Court of Appeals of Alaska
Jul 23, 2008
Court of Appeals No. A-9598 (Alaska Ct. App. Jul. 23, 2008)

Opinion

Court of Appeals No. A-9598.

July 23, 2008.

Appeal from the Superior Court, Third Judicial District, Anchorage, Michael L. Wolverton, Judge, Trial Court No. 3AN-94-8367 Cr.

Linda Wilson, Assistant Public Defender, and Quinlan Steiner, Public Defender, Anchorage, for the Appellant. Diane L. Wendlandt, Assistant Attorney General, Office of Special Prosecutions and Appeals, Anchorage, and Talis J. Colberg, Attorney General, Juneau, for the Appellee.

Before: Coats, Chief Judge, and Mannheimer and Stewart, Judges.


MEMORANDUM OPINION AND JUDGMENT


Harry N. Powell argues that the superior court violated his Sixth Amendment right to a jury trial, as interpreted in Blakely v. Washington, when the court revoked his probation and imposed suspended imprisonment that resulted in a sentence exceeding the presumptive term that would apply to a second felony offender. We conclude that under our decision in Surrells v. State, a sentencing judge may re-sentence a first felony offender after revoking probation even if the defendant's sentence exceeds the presumptive sentence for a second felony offender. Therefore, we affirm the superior court.

151 P.3d 483 (Alaska App. 2006).

Id. at 488-90.

Background facts and proceedings

In December 1994, the grand jury indicted Harry Powell on twenty counts, including first-degree sexual assault, second-degree sexual abuse of a minor, second-degree sexual assault, third-degree sexual assault, unlawful exploitation of a minor, third-degree misconduct involving a controlled substance, furnishing alcohol to a minor, and contributing to the delinquency of a minor. The charges arose from an investigation revealing that Powell gave drugs and alcohol to young girls, and when the girls became incapacitated or compliant, he engaged in sexual intercourse with them.

AS 11.41.410(a)(1).

Former AS 11.41.436(a)(1) (1994).

AS 11.41.420(a)(3)(B).

Former AS 11.41.425(a)(2) (1994).

Former AS 11.41.455(a)(6) (1994).

AS 11.71.030(a)(2).

AS 04.16.051(a).

AS 11.51.130(a)(1).

Powell reached a plea agreement with the State in which he pleaded no contest to four consolidated charges: unlawful exploitation of a minor, third-degree misconduct involving a controlled substance, furnishing alcohol to a minor, and second-degree sexual assault. The furnishing-alcohol count was a class C felony; the remaining counts were class B felonies.

See AS 04.16.051(d); former AS 11.41.455(c)(1994); AS 11.71.030(c); and AS 11.41.420(b).
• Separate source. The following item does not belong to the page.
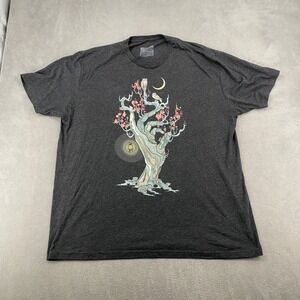 Curbside Clothing Mens 2XL Graphic Tee Tree Owls Lantern Moon Tri-Blend Shirt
Powell faced a maximum 10 years' imprisonment for each class B felony and a maximum 5 years' imprisonment for the class C felony. Powell was a first felony offender, and under the pre-March 2005 sentencing code, Powell could not be sentenced to more than the applicable presumptive term for a second felony offender absent aggravating factors. Therefore, in the absence of aggravating factors, the superior court could not impose a term of unsuspended imprisonment of more than 4 years for a class B felony and more than 2 years for the class C felony.

See former AS 12.55.125(d), (e), respectively.

See former AS 12.55.125(k).

See former AS 12.55.125(d)(1), (e)(1), respectively.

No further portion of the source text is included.